In his inaugural address on Thursday, January 12, 2023, the president of the Inter-American Development Bank (IDB), Ilan Goldfajn, laid out his vision and priorities to make the IDB the most trusted, agile and important development partner for Latin America and the Caribbean.
“My vision is to build on the Bank’s legacy to ensure that the IDB is the most important multilateral development institution for Latin America and the Caribbean,” Goldfajn said. “We must be the region’s most trusted partner. A center for expertise and knowledge. A beacon of innovative solutions to our region’s challenges.”
Government representatives and members of the diplomatic community, multilateral financial institutions, academia, think tanks and the private sector were in attendance for the address at Bank headquarters in Washington.
He identified social issues, climate change and investing more in sustainable physical and digital infrastructure that will boost regional integration and productivity, as the priority areas of his administration.
He pledged to “seize all opportunities for dialogue” and collaboration to build consensus among governments, private-sector partners, think tanks and civil society to help tackle pressing problems in Latin America and the Caribbean, and attract private capital.
“At this time of global polarization and uncertainty,” Goldfajn said, “our future depends not on being confrontational, but on being more collaborative.”
The people of Latin America and the Caribbean “deserve better jobs, safer streets, quality healthcare, faster internet, better public services, better infrastructure and other essential elements of life that they rightly aspire to,” he said. “And yes – a sense of hope in the future.”
“I can’t think of any institution that can better help the region fulfill that hope than the IDB,” he added.

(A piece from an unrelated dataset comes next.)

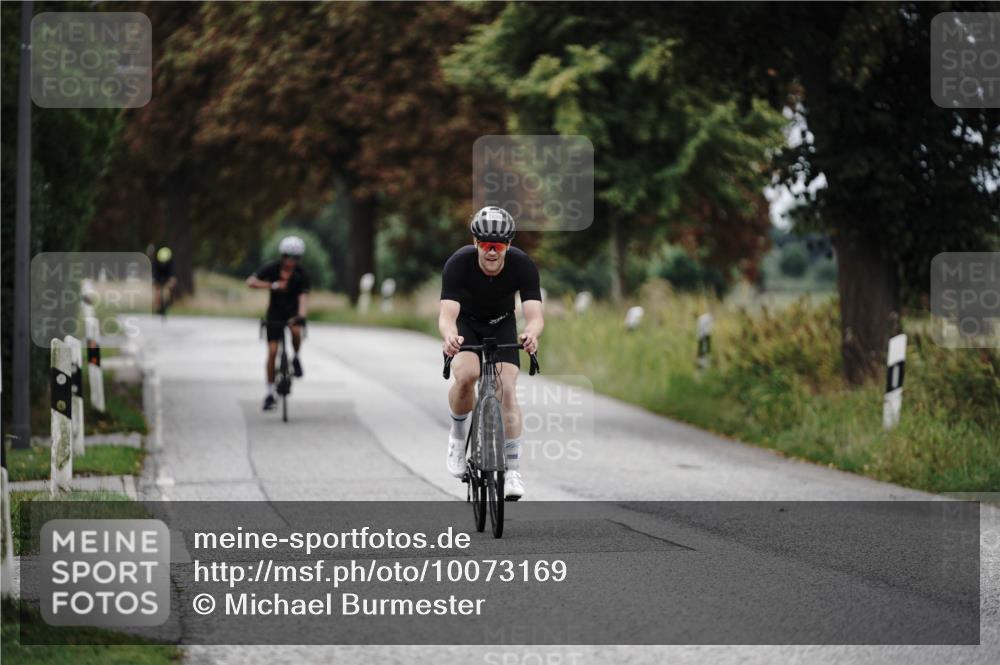 30.08.2026 - Elbe Triathlon Hamburg Michael Burmester http://msf.ph/oto/10073169 30.08.2026 10:30:13 Radfahren 797, 918, 1030 meine-sportfotos.de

Goldfajn sees Latin America and the Caribbean as contributing to help solve some of the biggest global challenges, including food insecurity and the need for clean energy.
Producing more clean energy would not only benefit the region but help the world meet the Paris climate goals. The IDB’s Amazon Initiative will help the world protect biodiversity and address global warming, he said.
“When we help countries lower trade and transportation costs,” he noted, “we reduce the price of food and alleviate food insecurity in the region and globally.”
Priority areas for the IDB
Goldfajn said social issues would be a priority area for the Bank’s work, including poverty, inequality in several dimensions, health needs and food insecurity.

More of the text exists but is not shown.